▶ BRIEF: The span to copy runs from the line containing "this 736×491 image." to the last line below. Copy it exactly, with nothing else.

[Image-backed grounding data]
::::
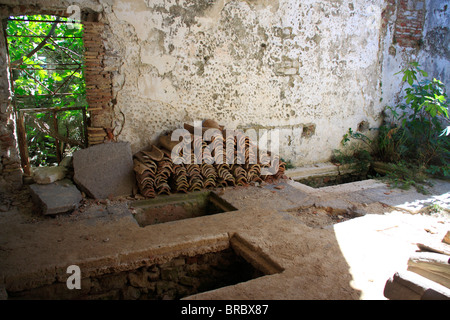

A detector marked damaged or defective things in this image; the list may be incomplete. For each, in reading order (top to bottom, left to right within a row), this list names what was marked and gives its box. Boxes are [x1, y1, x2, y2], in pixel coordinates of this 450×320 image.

broken concrete edge [2, 230, 284, 296]
broken concrete edge [384, 270, 450, 300]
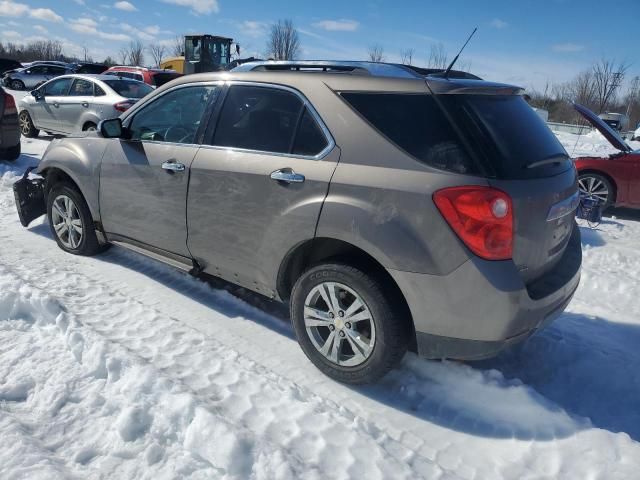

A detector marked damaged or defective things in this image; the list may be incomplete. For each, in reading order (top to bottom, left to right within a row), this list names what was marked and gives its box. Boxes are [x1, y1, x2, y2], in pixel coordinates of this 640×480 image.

front bumper damage [13, 168, 46, 228]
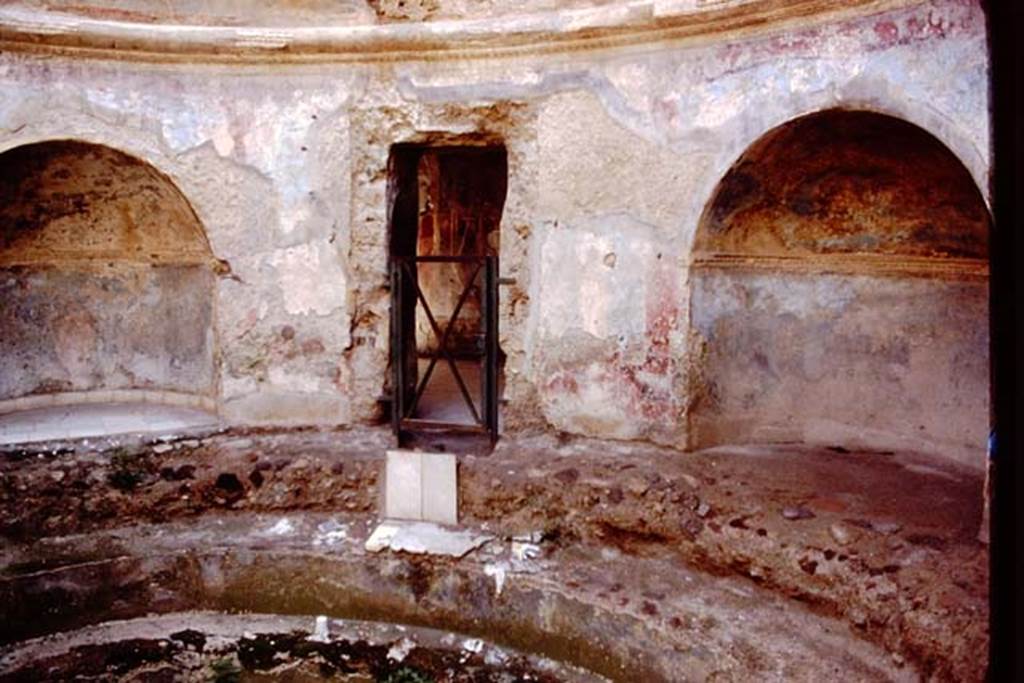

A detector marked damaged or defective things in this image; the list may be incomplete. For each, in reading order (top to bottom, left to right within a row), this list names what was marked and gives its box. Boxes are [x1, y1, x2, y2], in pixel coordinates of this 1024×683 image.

cracked wall surface [0, 0, 991, 464]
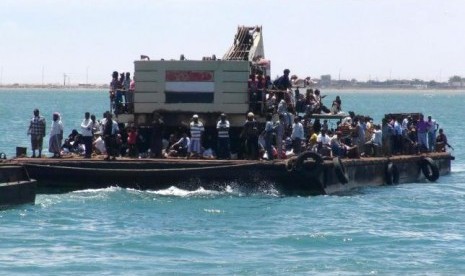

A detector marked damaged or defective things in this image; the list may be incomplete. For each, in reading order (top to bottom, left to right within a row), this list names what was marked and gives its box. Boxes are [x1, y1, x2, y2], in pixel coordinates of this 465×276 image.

rusty barge hull [5, 152, 452, 195]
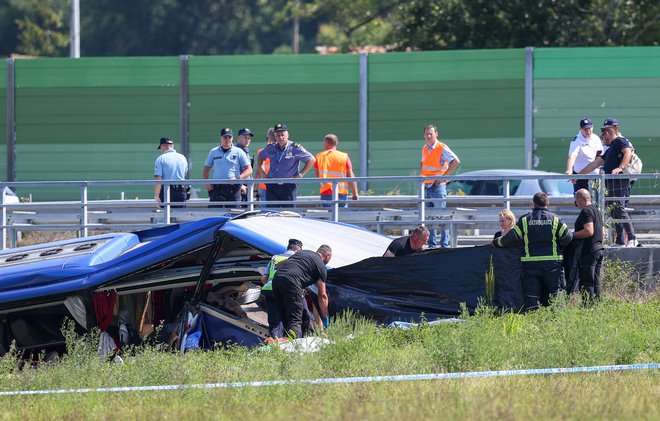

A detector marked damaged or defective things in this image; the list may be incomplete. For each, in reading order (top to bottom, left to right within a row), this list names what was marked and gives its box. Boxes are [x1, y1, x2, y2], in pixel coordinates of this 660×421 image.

damaged vehicle [0, 212, 392, 356]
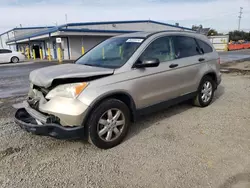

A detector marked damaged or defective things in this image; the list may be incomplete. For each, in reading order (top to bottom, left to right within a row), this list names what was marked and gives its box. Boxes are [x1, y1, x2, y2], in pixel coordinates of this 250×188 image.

crumpled hood [29, 63, 114, 88]
detached front bumper [14, 107, 85, 140]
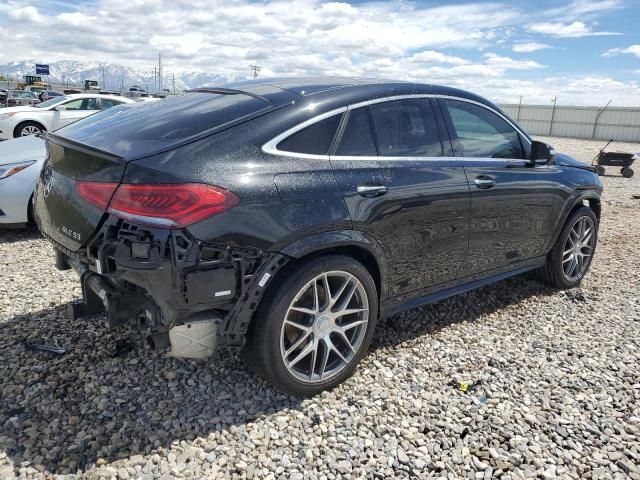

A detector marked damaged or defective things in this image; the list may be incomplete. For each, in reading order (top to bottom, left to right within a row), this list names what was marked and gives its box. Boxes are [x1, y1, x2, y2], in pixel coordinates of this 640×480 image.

damaged rear bumper [48, 217, 288, 356]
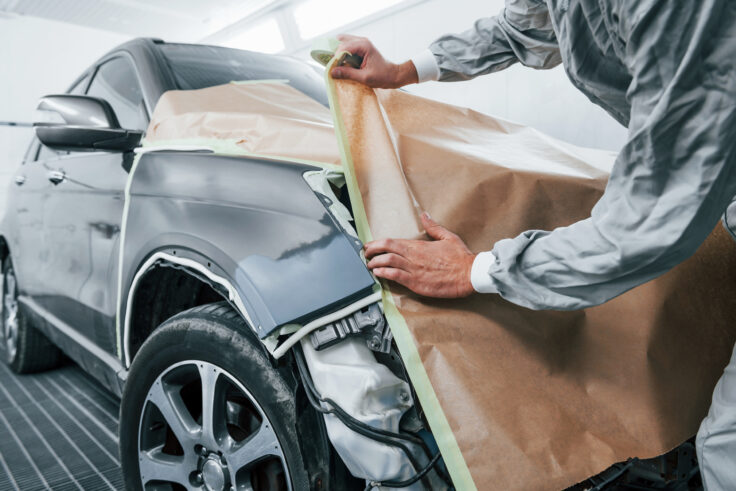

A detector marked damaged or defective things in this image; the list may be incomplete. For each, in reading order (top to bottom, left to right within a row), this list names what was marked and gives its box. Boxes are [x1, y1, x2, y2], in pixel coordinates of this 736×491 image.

crumpled body panel [330, 79, 736, 491]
::::
▶ RESULT FOR THIS TASK:
A detector marked damaged or defective things in this image; the list may be incomplete. For each, in reading order (top to bottom, left to right within a row), this list names what was marked and gives its box. Boxes are [x1, y1, x2, y2], in pixel coordinates of this 736×491 image.

crumpled body panel [330, 79, 736, 491]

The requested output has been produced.